Aussenminister Ignazio Cassis (57) macht mal wieder Schlagzeilen. Diesmal in Italien. Der Zeitung «Corriere della Sera» hat der Tessiner Bundesrat Ende letzte Woche ein Interview gegeben, das es in sich hat.

Der Journalist, der mit Cassis sprach, kommt zum Schluss: «Mit ihm ist der populistische, souveränistische, identitäre Wind, der im Osten weht, auch in Bern angekommen.» Denn was Cassis sage, hätte auch aus dem Mund des italienischen Lega-Innenministers Matteo Salvini (45) kommen können.

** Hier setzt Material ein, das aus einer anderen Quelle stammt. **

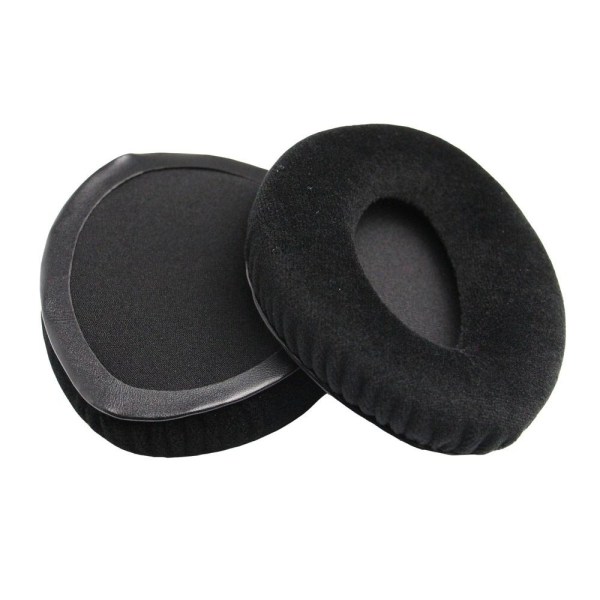 öronkuddar / huvudbågskuddar till Sennheiser RS160 RS170 RS180 med krokar C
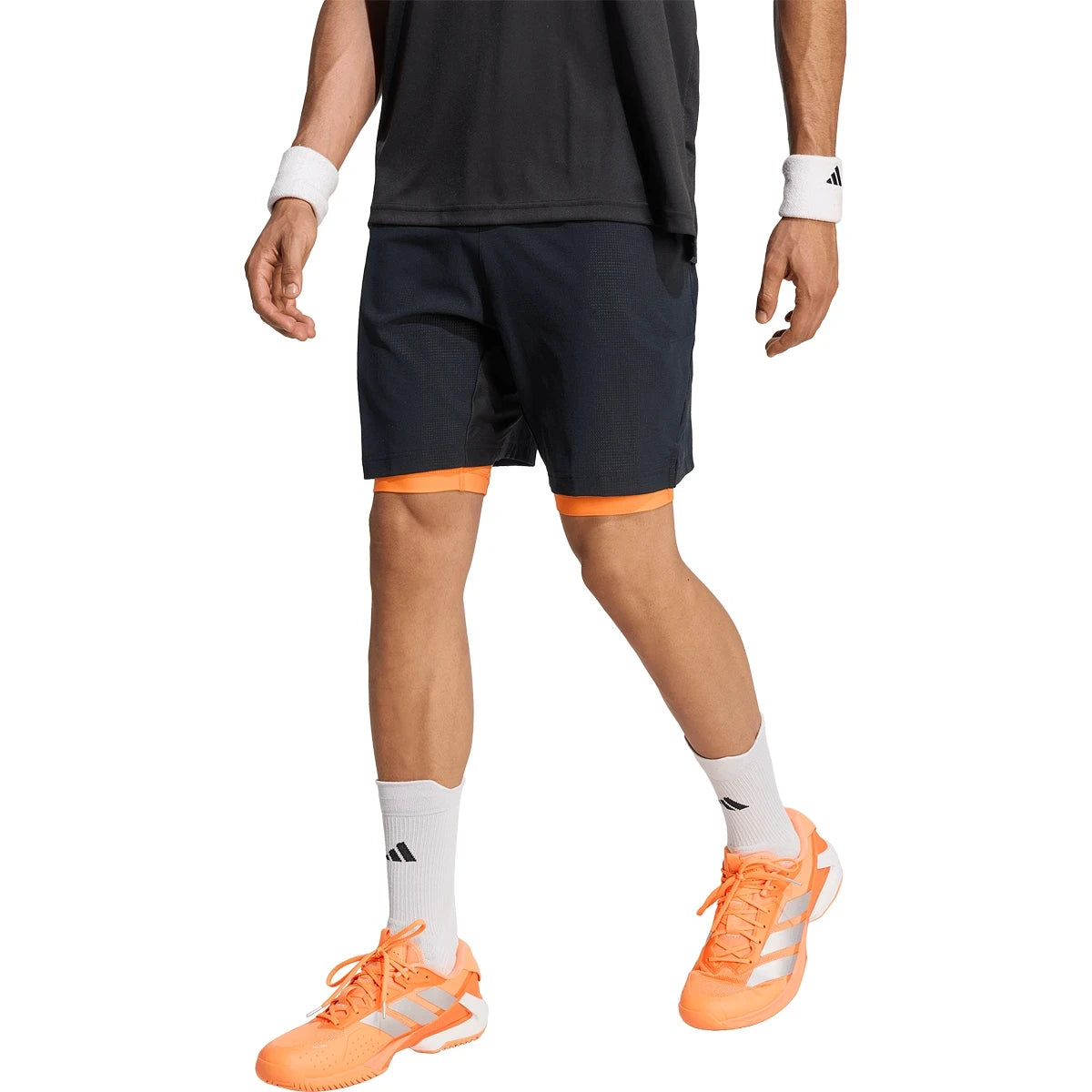 Pantaloncini adidas 2In1 Zverev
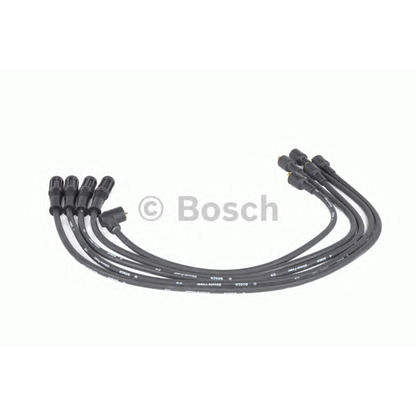 Photo Ignition Cable Kit BOSCH 0986357146
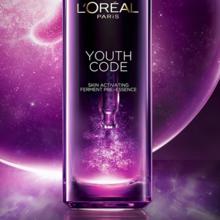 L'OREAL PARIS 青春密码酵素精华肌底液 第三代 50ml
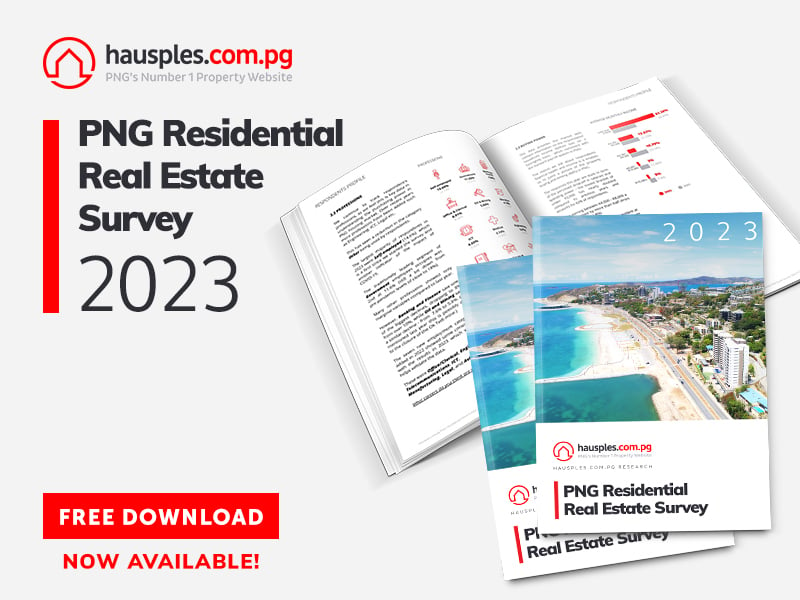 Results of the 2023 residential real estate survey revealed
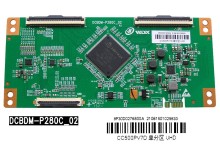 T-CON modul DCBDM-P280C pro LCD TV Philips 50"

«Die EU riskiert, zu implodieren»

Starker Tobak: Den FDP-Bundesrat mit Salvini zu vergleichen, der Roma registrieren will, hämische Sprüche über Migranten klopft und massgeblich zur rechtspopulistischen Ausrichtung der Lega Nord beigetragen hat.

Bundesrat Ignazio Cassis gab einer italienischen Zeitung ein Interview. Die Journalisten sehen den Schweizer auf den Spuren von Italiens Matteo Salvini.

Wie ist es dazu gekommen? Nun, Cassis sagte im Interview unter anderem: «Brüssel hat zu viel Macht zentralisiert. Dezentralisiert sich die EU nicht, riskiert sie, zu implodieren.» Und: «Die traditionellen Parteien haben die Stimmung im Volk nicht verstanden.» Weiter: «Das Schönste? Zu Hause der Meister zu sein.» Sätze, die Salvini wohl unterschreiben würde. Aber eben nicht nur er.

Neuer Wind in der Aussenpolitik

Es zeigt sich einmal mehr, dass mit Cassis ein neuer Wind in der Schweizer Aussenpolitik weht. Seinem Vorgänger Didier Burkhalter (58) wäre es jedenfalls nie in den Sinn gekommen, der EU Ratschläge in Sachen Föderalismus zu geben. Schliesslich schätzen es ja Schweizer auch nicht, wenn man ihnen sagt, was sie zu tun haben.

Dennoch wagt Cassis die These, dass Frankreich, Italien und Deutschland aus Monarchien hervorgegangen seien – was man heute noch merke: Betrachte man beispielsweise einen französischen Präsidenten, beobachte man diesen «alten imperialen Geist».

Cassis gibt häufiger zu reden

Es ist nicht das erste Mal, dass Cassis' Aussagen provozieren. Im Mai hatte er in einem Interview gesagt, das Uno-Hilfswerk für palästinensische Flüchtlinge UNRWA sei ein Hindernis für Frieden in Nahost. Und erst kürzlich brachte er die Gewerkschaften gegen sich auf, als er den in den flankierenden Massnahmen festgelegten Lohnschutz zur Diskussion stellte. (sf)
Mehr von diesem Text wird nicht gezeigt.